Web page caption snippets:

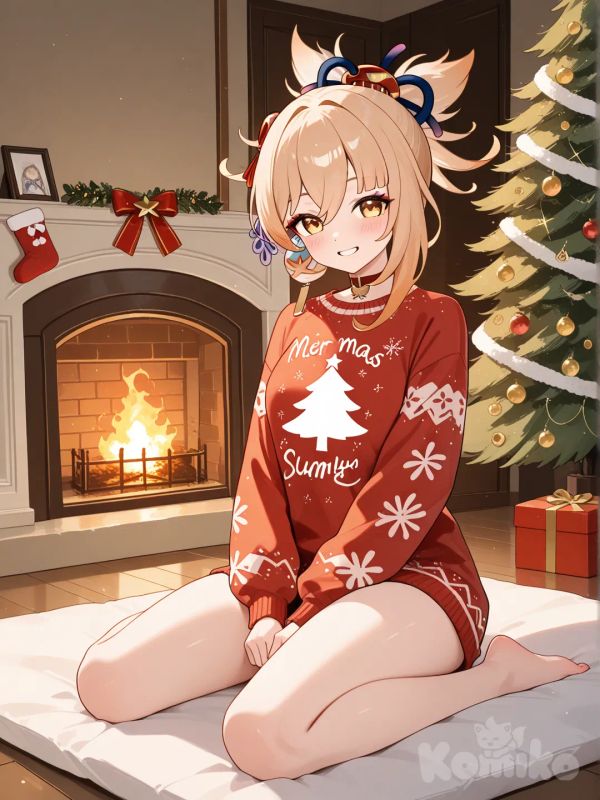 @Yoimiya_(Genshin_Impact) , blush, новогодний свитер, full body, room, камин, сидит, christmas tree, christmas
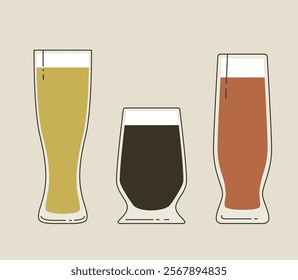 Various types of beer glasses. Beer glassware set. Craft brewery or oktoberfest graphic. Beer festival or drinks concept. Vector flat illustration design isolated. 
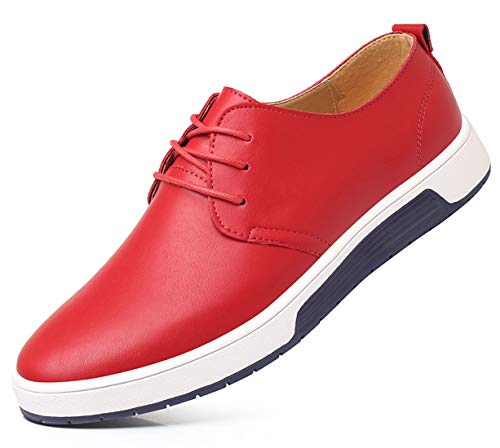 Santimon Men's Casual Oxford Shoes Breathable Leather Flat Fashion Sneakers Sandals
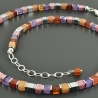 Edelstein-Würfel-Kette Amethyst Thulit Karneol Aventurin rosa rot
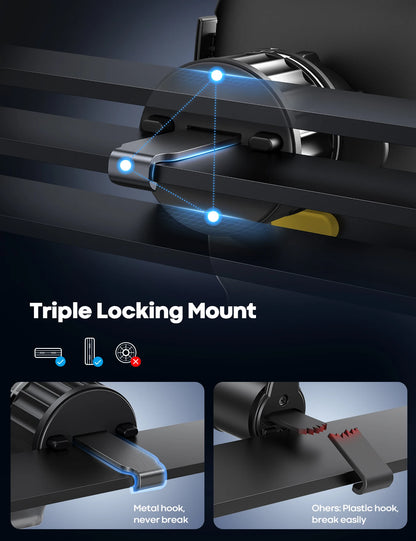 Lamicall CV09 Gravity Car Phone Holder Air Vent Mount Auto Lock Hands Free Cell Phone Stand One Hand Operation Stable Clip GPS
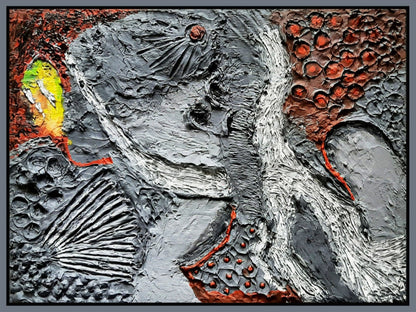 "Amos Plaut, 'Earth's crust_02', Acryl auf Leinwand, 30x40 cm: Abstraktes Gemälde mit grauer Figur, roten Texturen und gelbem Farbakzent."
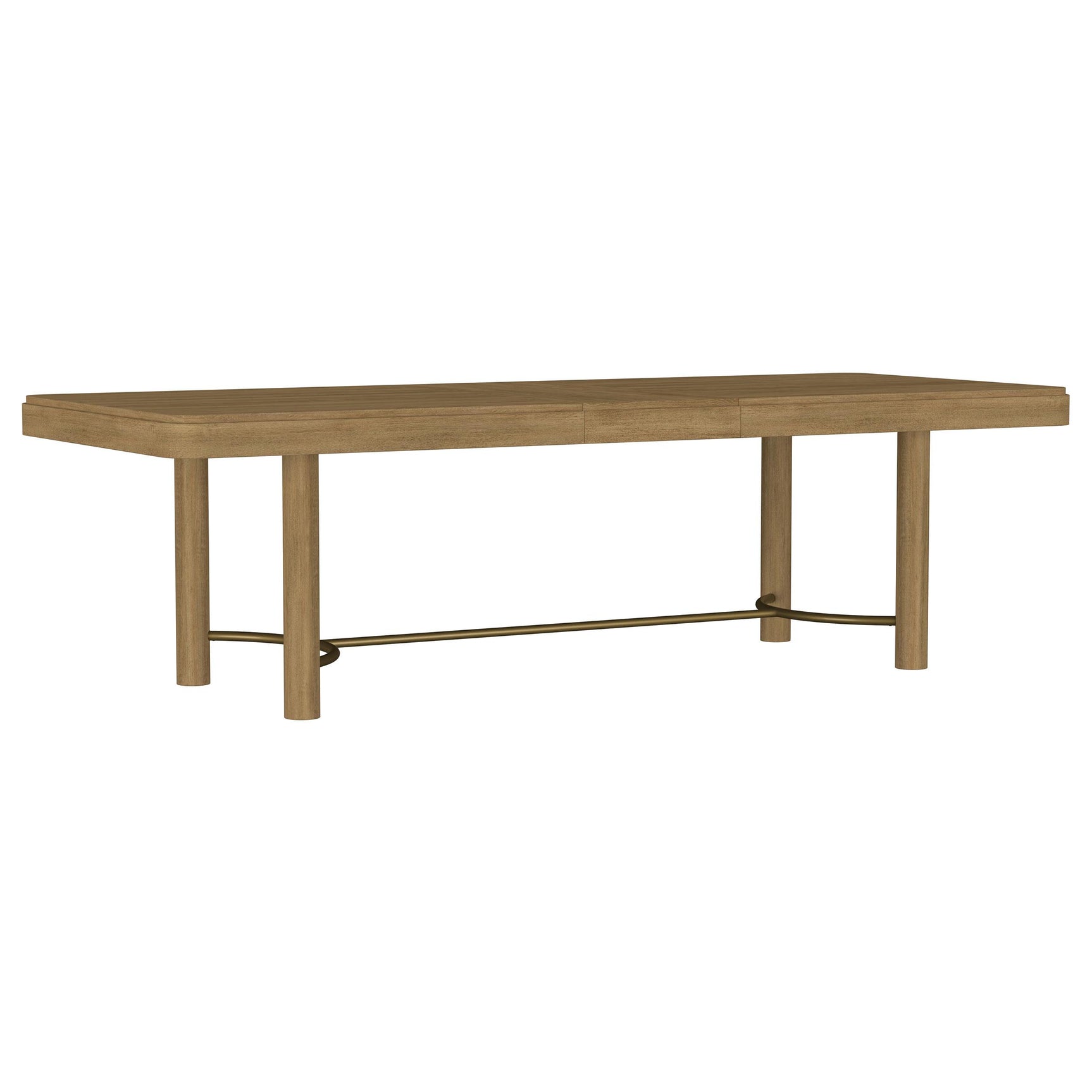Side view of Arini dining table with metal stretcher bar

**What you are asked to do**
Write out the records exactly. Do not carry the pictures over.

**Response to this exercise**
 @Yoimiya_(Genshin_Impact) , blush, новогодний свитер, full body, room, камин, сидит, christmas tree, christmas
 Various types of beer glasses. Beer glassware set. Craft brewery or oktoberfest graphic. Beer festival or drinks concept. Vector flat illustration design isolated. 
 Santimon Men's Casual Oxford Shoes Breathable Leather Flat Fashion Sneakers Sandals
 Edelstein-Würfel-Kette Amethyst Thulit Karneol Aventurin rosa rot
 Lamicall CV09 Gravity Car Phone Holder Air Vent Mount Auto Lock Hands Free Cell Phone Stand One Hand Operation Stable Clip GPS
 "Amos Plaut, 'Earth's crust_02', Acryl auf Leinwand, 30x40 cm: Abstraktes Gemälde mit grauer Figur, roten Texturen und gelbem Farbakzent."
Side view of Arini dining table with metal stretcher bar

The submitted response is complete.